Аркадий Литвак – это особая статья. Друг юности. И обвинение против него, будучи абсурдным с точки зрения демократического сознания, не было вымышленным. В одесской юности он был близок к эсерам и выполнял какие-то их поручения. (Хотя членом партии, по-моему, не был). Отчим Доры, его жены, а тогда невесты, был крупным эсером, входил в эсеровский список Учредительного собрания, потом, к счастью, успел эмигрировать. Отец мог думать: то было давно, по молодости…

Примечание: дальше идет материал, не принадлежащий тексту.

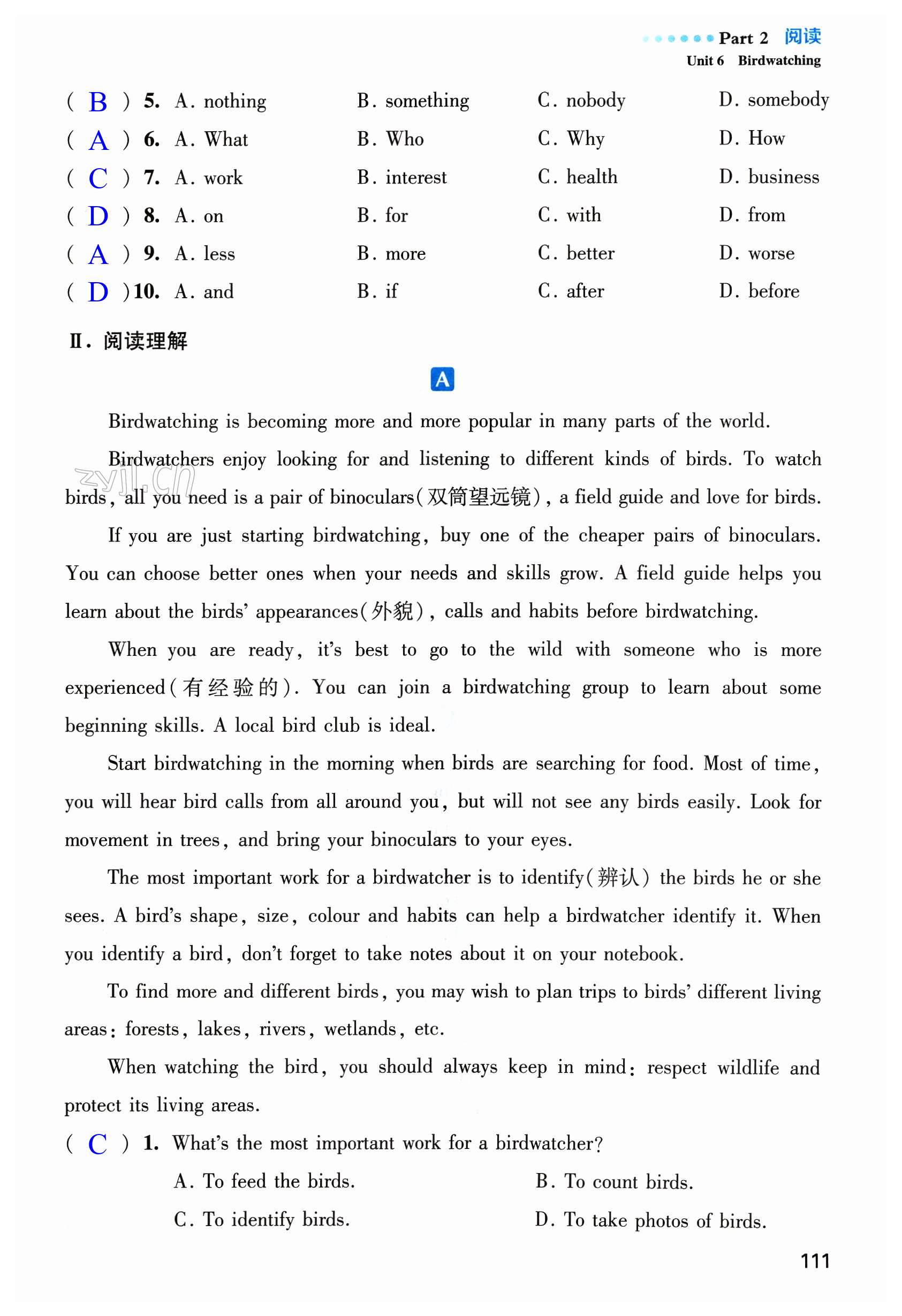 第111页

У мамы, конечно, никакой политической платформы не было. Но не было и зашоренности официальной идеологией и марксизмом. Она просто видела, что реальная жизнь не имеет никакого отношения к тому, что пишут в газетах. И на Западе (т.е. при капитализме) люди живут лучше. При этом она уважала Сталина и считала, что войну мы выиграли благодаря ему. Опять абсурд!
Отца она ведь не любила и не упускала случая его прищутить, в том числе и за «мозглятину», за то, что он говорит так, как пишут в газетах, а не так, как есть. Особенно часто они спорили, где лучше жить. Мама доказывала, что на Западе, а отец, что, не смотря на то, что у нас хуже, у нас лучше.
После ХХ съезда отец любил повторять фразу Твардовского "И мы за это все в ответе"».